Aliado a isso, Calandrin acredita que tanto Israel como o próprio Hamas não enxergavam no Brasil um ator que pudesse oferecer as condições para fazer essa mediação, até pela pouca aproximação cultural com ambos. Segundo ela, cultura e religião são questões muito caras ao Oriente Médio.

Chanceler chegou a boicotar discurso

Um pequeno incidente diplomático chamou a atenção durante a visita de Lula em 2010: o boicote do então chanceler de Israel, Avigdor Lieberman, ao discurso do presidente brasileiro no Knesset, o Parlamento do país judeu. O motivo foi a recusa do chefe de Estado do Brasil em passar pelo túmulo de Theodor Herzl, considerado o fundador do sionismo político que culminou com a fundação de Israel. Conforme a especialista, a estrutura fica no alto de uma colina e a recusa do petista foi justamente um aceno aos grupos que o apoiavam no Brasil.

“Para muitos grupos de esquerda, o sionismo é um movimento racista e colonialista, e não um movimento nacionalista como qualquer outro”, pondera Calandrin, que ressaltou que o episódio é só uma síntese do que já acontece no Brasil: a grande disputa ideológica sobre o tema Israel-Palestina. “Para não exacerbar mais os ânimos, Lula decidiu não visitar o túmulo de Herzl, e Lieberman [político da direita tradicional de Israel] interpretou isso como uma desfeita diplomática. Como resposta, ele não assistiu ao discurso no Knesset.”

Mudança da Embaixada de Tel Aviv para Jerusalém

Uma das cidades mais emblemáticas para as religiões atuais, Jerusalém é considerada sagrada tanto para judeus quanto muçulmanos. Como demonstração de apoio ao Estado israelense, em 2018, o então presidente dos Estados Unidos, Donald Trump, decidiu mudar a Embaixada norte-americana de Tel Aviv para a cidade, em meio a fortes críticas. O gesto simbólico ainda mudou o não reconhecimento histórico de Jerusalém como capital de Israel por Washington.
No Brasil, o governo do ex-presidente Jair Bolsonaro (PL) tentou seguir o mesmo movimento dos EUA. “O posicionamento se enquadrou dentro de um contexto de vários países da direita radical global sobre essa mudança. Vale lembrar que Donald Trump era uma grande aliado de Benjamin Netanyahu [que também era premiê israelense na época] e, também, de Bolsonaro.

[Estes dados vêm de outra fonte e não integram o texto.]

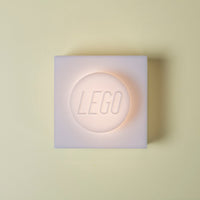 A square LEGO wall light in frosted white, glowing with a warm peach-pink light from within, centered on a pale cream background.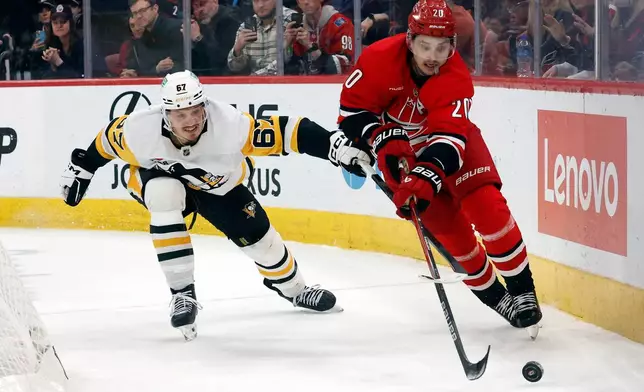 Carolina Hurricanes' Sebastian Aho (20) controls the puck in front of Pittsburgh Penguins' Rickard Rakell (67) during the third period of an NHL hockey game in Raleigh, N.C., Wednesday, March 18, 2026. (AP Photo/Karl DeBlaker)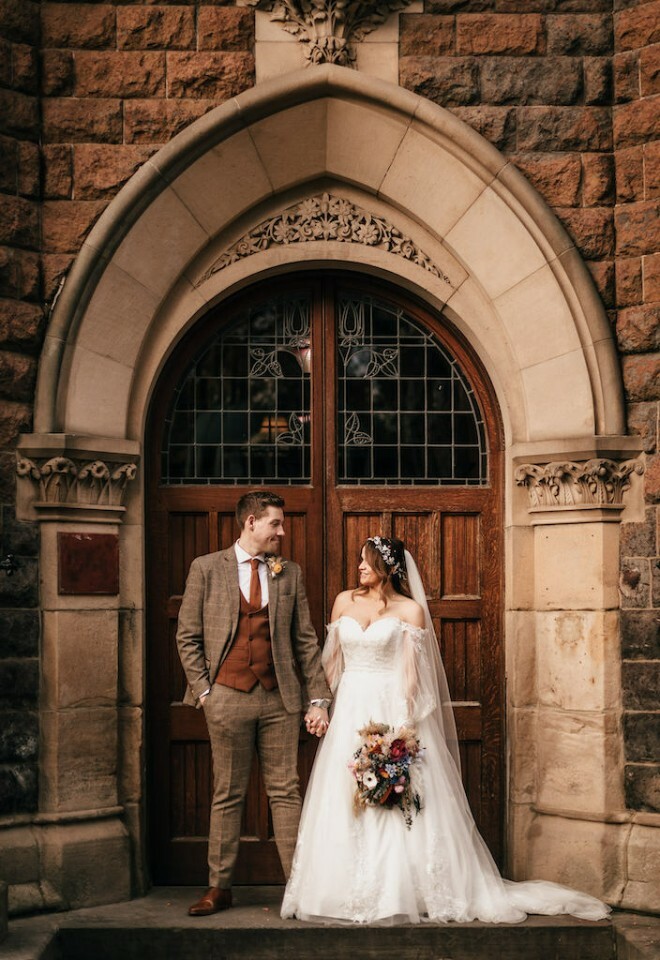 Couples at the front doors of the venue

Você tem ali a triangulação de uma aliança estratégica”, disse a especialista.
A medida foi um aceno à bancada evangélica do Brasil, uma das principais apoiadoras do governo Bolsonaro e que também pressionava pela mudança, mas não se concretizou.
“O Brasil é um grande exportador de carne halal [produzida sob as normas do Alcorão sagrado como garantia do bem-estar animal, do nascimento ao abate] para países muçulmanos e árabes. Essa troca da Embaixada de Tel Aviv para Jerusalém, reconhecendo Jerusalém como capital de Israel, poderia impactar as exportações brasileiras. Inclusive, na época, os setores do agro acabaram pressionando o governo para a não mudança da Embaixada por essas razões”, completou.
No primeiro ano do novo mandato de Lula, a questão Israel-Palestina volta ao foco dos debates internacionais por conta da guerra, iniciada após os ataques-surpresa do Hamas contra o país, quando 1,2 mil pessoas morreram. A pesquisadora da USP avalia que o atual governo tem seguido a linha histórica da política externa brasileira, apesar das declarações do presidente mais inclinadas à questão palestina, em razão do alto número de mortos na Faixa de Gaza e das suspeitas de crimes de guerra cometidos por Israel.